Stage 3 of this years Tour sees the riders arrive on French soil, with a drive by Belgium and Luxembourg. With many punchy climbs dotted along the 212.5km stage, and an Ardennes-style finish into Longwy, this stage could go anywhere.
Similar to yesterday’s stage to Liege, the riders tackle a categorised climb right off the bat departing Verviers. The Côte de Sart 18km in is one of 3 Cat 4 climbs on the day, and the break will probably be forming as the climb looms. It’s 2.8km in length and averages 5.1% in gradient, although there is climbing before the categorised climb actually starts. After the Côte de Sart, there are false flats for the next 40km as the riders cross the border from Belgium into Luxembourg. The only sprint point for the day is in Wincrange 89km into the race, at one of the flatter points of the stage.
The riders will tackle two categorised climbs while in Luxembourg. The first of those, the Côte de Wiltz, is 105.5km into the stage. It’s the longest but shallowest climb of the day – 3.1km at 4.8%. The Cat 3 Côte d’Eschdorf is only a short 15km after the Côte de Wiltz, and will be a climb that could put some riders into difficulty. Averaging 9.3% over 2.3km, there is no wonder the climb is a popular hill-climbing race spot, and is the first climb to the Tour to feature switchbacks (3 of them). There are a couple of bumps that are uncategorised on the Tour’s drive-through Luxembourg as well, at Saeul (143.5km) and Dippach (165.5km), with the riders leaving Luxembourg at around km 184.
The final 30-ish kilometer stretch of the stage takes place in France – hooray, the Tour is home! Two climbs await the riders in France, the Côte de Villers-la-Montagne (1.1km at 5.2%) with 15km to go, and the final stretch into Longwy. The 1.6km climb averages 5.8% and has two hard corners with around 800m to go. The climb shallows out near the top, but pitches of 11% in the first km of the climb might be enough to drop the pure sprinters and give the puncheurs a chance to break away for the win. The ride to the line is straight and open along Avenue Charles de Gaulle, but nevertheless uphill all the way.
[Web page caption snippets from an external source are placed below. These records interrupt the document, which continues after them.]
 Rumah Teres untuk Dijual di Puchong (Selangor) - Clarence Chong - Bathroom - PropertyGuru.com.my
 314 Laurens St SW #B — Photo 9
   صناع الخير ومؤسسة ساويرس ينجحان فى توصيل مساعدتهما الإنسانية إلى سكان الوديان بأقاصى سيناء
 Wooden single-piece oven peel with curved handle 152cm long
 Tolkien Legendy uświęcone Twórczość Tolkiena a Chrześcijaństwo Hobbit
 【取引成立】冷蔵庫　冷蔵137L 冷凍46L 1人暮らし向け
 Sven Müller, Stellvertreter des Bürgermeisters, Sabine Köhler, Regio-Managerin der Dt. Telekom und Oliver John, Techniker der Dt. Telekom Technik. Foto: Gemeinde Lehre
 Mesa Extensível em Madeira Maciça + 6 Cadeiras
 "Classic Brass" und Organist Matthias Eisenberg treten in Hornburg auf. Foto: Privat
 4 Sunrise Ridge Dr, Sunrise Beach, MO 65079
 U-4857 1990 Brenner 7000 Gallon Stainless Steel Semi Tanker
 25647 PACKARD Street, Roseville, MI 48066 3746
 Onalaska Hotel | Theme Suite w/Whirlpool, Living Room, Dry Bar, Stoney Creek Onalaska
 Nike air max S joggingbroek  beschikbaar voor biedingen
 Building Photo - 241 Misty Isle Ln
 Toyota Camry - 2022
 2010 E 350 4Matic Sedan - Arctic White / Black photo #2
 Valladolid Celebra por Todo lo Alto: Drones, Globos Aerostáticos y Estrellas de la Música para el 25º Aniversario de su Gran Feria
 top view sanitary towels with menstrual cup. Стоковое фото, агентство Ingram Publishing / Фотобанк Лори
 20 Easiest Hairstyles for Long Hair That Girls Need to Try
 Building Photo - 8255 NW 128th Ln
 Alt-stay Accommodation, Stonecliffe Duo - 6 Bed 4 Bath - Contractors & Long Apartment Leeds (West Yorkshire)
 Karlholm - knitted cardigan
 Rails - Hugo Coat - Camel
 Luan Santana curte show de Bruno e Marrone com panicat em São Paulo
The rain will stop for the Tour to arrive at Longwy. The weather leaving Verviers for the stage is meant to be dry too, with the riders having a 14kmh headwind all the way down into Luxembourg, before the wind changes to a 14kmh crosswind after the border. The conditions at the finish are expected to be completely dry and a pleasant 21 degrees, but an easterly crosswind on the final climb (which swaps to a headwind between the two corners on the Côte des Religieuses) of around 15km could influence whether riders go solo or the pack stays together. Nothing too major, but there is little protection on the roads through Luxembourg and some splits could be formed.
The GC Situation
The stage into Liege was a sprint stage, and most of the GC Contenders sheltered themselves safely inside the peloton in the rain even after the crash with 30km to go. Froome went down but was safely escorted back to the peloton, while Bardet went down. Only one abandon today in Luke Durbridge after his crash yesterday, and he will be sorely missed by the Orica GC leaders as a domestique on the flats.
Top 10 GC Contenders
- Geraint Thomas (Team Sky) – 16’04”
- Chris Froome (Team Sky) – 12″
- Pierre Latour (AG2R) – 25″
- Andrey Amador (Movistar) – 27″
- Robert Gesink (LottoNL-Jumbo) – 31″
- Simon Yates (Orica) – 37″
- Emanuel Buchmann (Bora) – 40″
- Richie Porte (BMC) – 47″
- Nairo Quintana (Movistar) – 48″
- Andrew Talansky (Cannondale) – 49″
I can see tomorrow’s stage going either one of two ways – a solo break wins or a reduced bunch sprint. The early slopes of the Longwy climb are too steep for pure sprinters to stay with the faster puncheurs; and there is even a possibility of riders getting dropped on the Côte d’Eschdorf and not rejoining in the crosswind. Peter Sagan will feature in the finale being one of the best sprinters in the world to deal with these punchy finishes along with Michael Matthews. More puncheur-style classics riders like Edvald Boasson Hagen, Greg van Avermaet and Philippe Gilbert will also make an appearance on the climbs. Riders more suited to the Ardennes like Michal Kwiatkowski and Michael Albasini will try and make a break for it and go solo on the final sections of the climb.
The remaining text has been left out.